Buddy on CSS-Tricks
Here’s a little direct product endorsement for ya: I literally use Buddy for deployment on all my projects.
Buddy isn’t just a deployment tool, we’ll get to that, but it’s something that Buddy does very well and definitely a reason you might look at picking it up yourself if you’re looking around for a reliable, high-quality deployment service.
Here’s my current setup:
- CSS-Tricks is WordPress site.
- The whole
wp-content
folder is a private repository on GitHub. - The hosting is on Flywheel, which gives me SFTP access to the server.
- When I push to the Master branch, Buddy automatically deploys the changed files over SFTP. This is fast because the fact it’s only dealing with changed files.
The setup on Buddy for this is incredibly nice and simple and I’ve never once had any problems with it. You may want to look at zero-downtime deployments as well, where files are uploaded to a separate directory first and swapped out with the destination directories if the entire upload is successful.
And I don’t just use this setup for CSS-Tricks but all my sites that need this kind of deployment.
But like I said, Buddy isn’t just deployment. Buddy is all about pipelines. You (visually) configure a bunch of tasks that you want Buddy to do for you and the trigger that kicks it off. Pushing to Master is just one possible trigger, you can also kick them off manually or on a timer.

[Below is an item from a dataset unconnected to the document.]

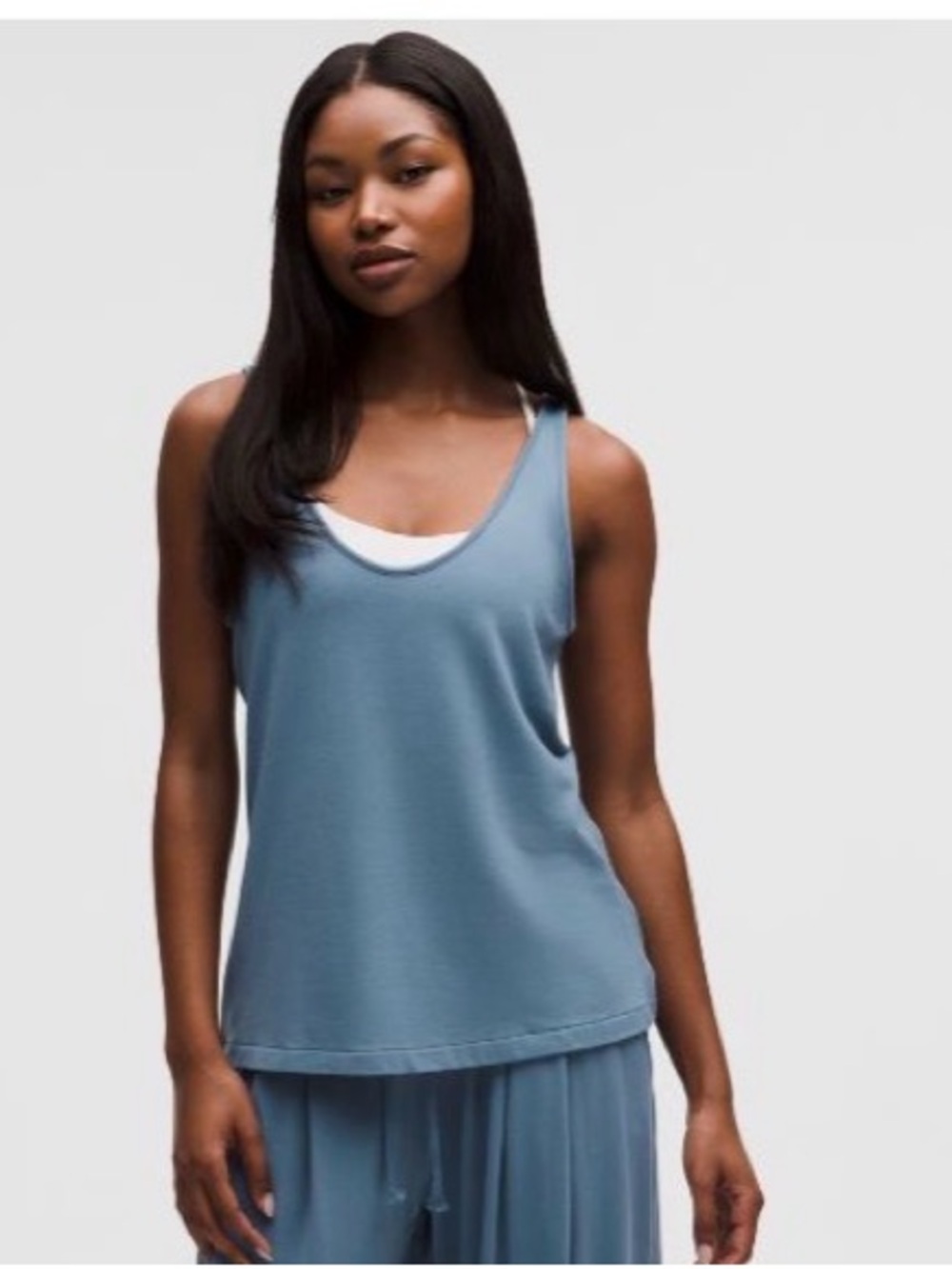 lululemon athletica Steel Blue Tank Top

What tasks? Well, a common one would be running your tests. You know: Continuous Integration (CI) and Continuous Development (CD). You can tell Buddy to run whatever terminal commands you want (they’ll spin up a Docker container for you), so however you run tests and get output will work just fine.
You could have it shoot you an email, hit some other web service, or run a build process.

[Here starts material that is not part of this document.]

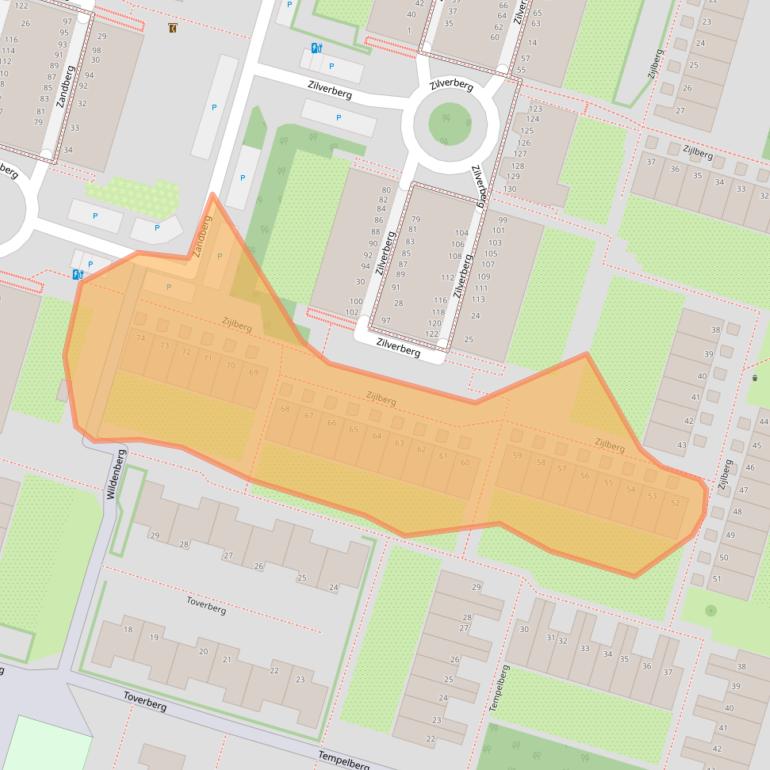 Kaart van postcodegebied 2716NC.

Here’s the actual tasks I run in my pipeline right now:
- Upload the files over SFTP
- Tell Cloudflare to purge all the cache on the site
- Send a message to a particular channel on Slack (also do that on failure)
So useful.
It’s so easy to set up it almost encourages doing more with your pipelines. I need to get some Cypress tests in there and I’d love to integrate an action to automatically optimize all images in the commits.